Fourteen of 15 studies were predicted within 2-fold (93% accuracy) (Fig. 2; Tables 3 and 4). For fluvastatin, ibuprofen, and tolbutamide, this method predicted all three clinical studies within 2-fold and correctly predicted each as no interaction (100% accuracy). Although the majority of clinical studies related to fluconazole and miconazole were predicted within 2-fold, there was a bias toward underprediction (Fig. 2). Four of five clinical studies were correctly predicted as weak interactions (80% accuracy), two of six clinical studies were correctly predicted as moderate interactions (33% accuracy), and the only clinical study with a strong interaction was not correctly predicted (0% accuracy).

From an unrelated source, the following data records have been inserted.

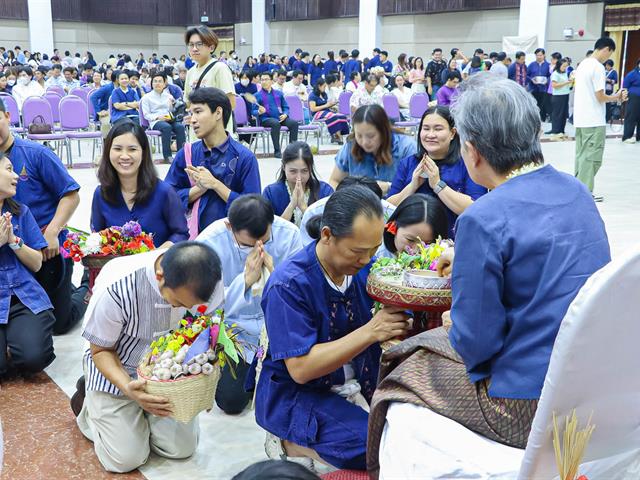 คณะรัฐศาสตร์และสังคมศาสตร์ 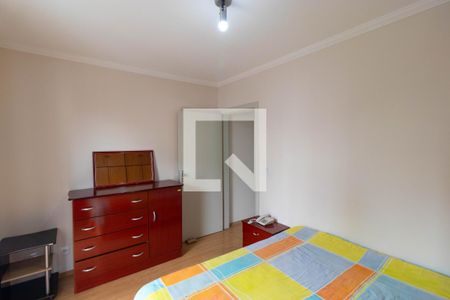 Apartamento à venda com 50m², 1 quarto e 1 vagaQuarto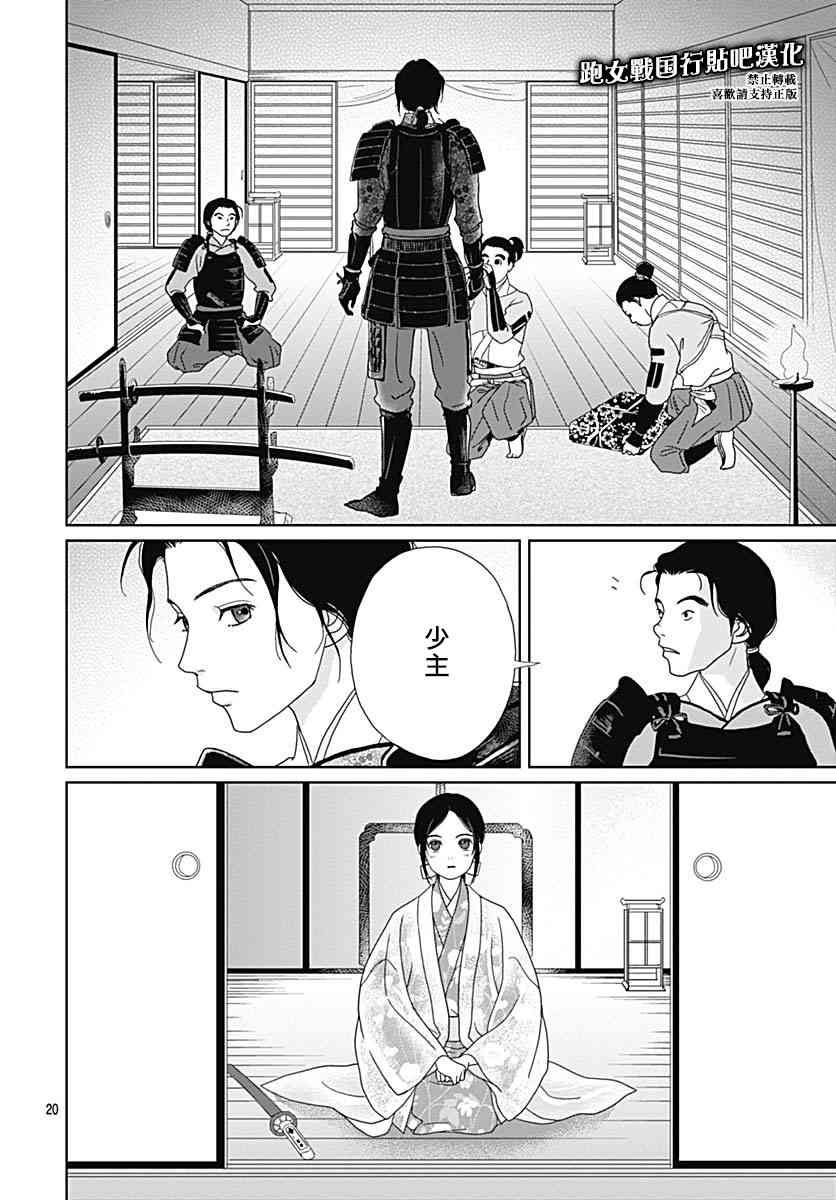 86话23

CYP2C9: Total [I] with plasma Ki, app.
Fourteen of 15 studies were predicted within 2-fold (93% accuracy) (Fig. 3; Tables 3 and 4). For fluvastatin, ibuprofen, and tolbutamide, this method predicted all three clinical studies within 2-fold and correctly predicted each as no interaction (100% accuracy). With this method the predictions for eight studies with fluconazole did not demonstrate a bias. An accurate DDI prediction for sulfaphenazole was also observed. Because of the high average plasma concentration of sulfaphenazole (160–640 μM), the maximum inhibition was reached even though the plasma Ki, app was high. Four of five clinical studies were correctly predicted as weak interactions (80% accuracy), four of six clinical studies were correctly predicted as moderate interactions (66% accuracy), and the only clinical study with a strong interaction was not correctly predicted (0% accuracy).
CYP2D6: Free [I] with HMM Ki, app.
Eighteen of 29 studies were predicted within 2-fold (62% accuracy) (Fig. 2; Tables 3 and 4). Similar to the observations with CYP3A and CYP2C9, this method underpredicted the majority of clinical DDI studies with a maximum 6.55-fold underprediction for the paroxetine study reported by Hemeryck et al. (2000). Three of three clinical studies were correctly predicted as no interactions (100% accuracy), 2 of 10 clinical studies were correctly predicted as weak interactions (20% accuracy; the rest were underpredicted as no interactions), 1 of 10 clinical studies was correctly predicted as a moderate interaction (10% accuracy), and none of six clinical studies were correctly predicted as a strong interaction (0% accuracy).
CYP2D6: Total [I] with plasma Ki, app.
Twenty-six of 29 studies were predicted within 2-fold (90% accuracy) (Fig. 3; Tables 3 and 4). Three of three clinical studies were correctly predicted as no interactions (100% accuracy) and 4 of 10 clinical studies were correctly predicted as weak interactions (40% accuracy; the rest were underpredicted as no interaction). Six of 10 clinical studies were correctly predicted as moderate interactions (60% accuracy), and two of six clinical studies were correctly predicted as strong interactions (33% accuracy).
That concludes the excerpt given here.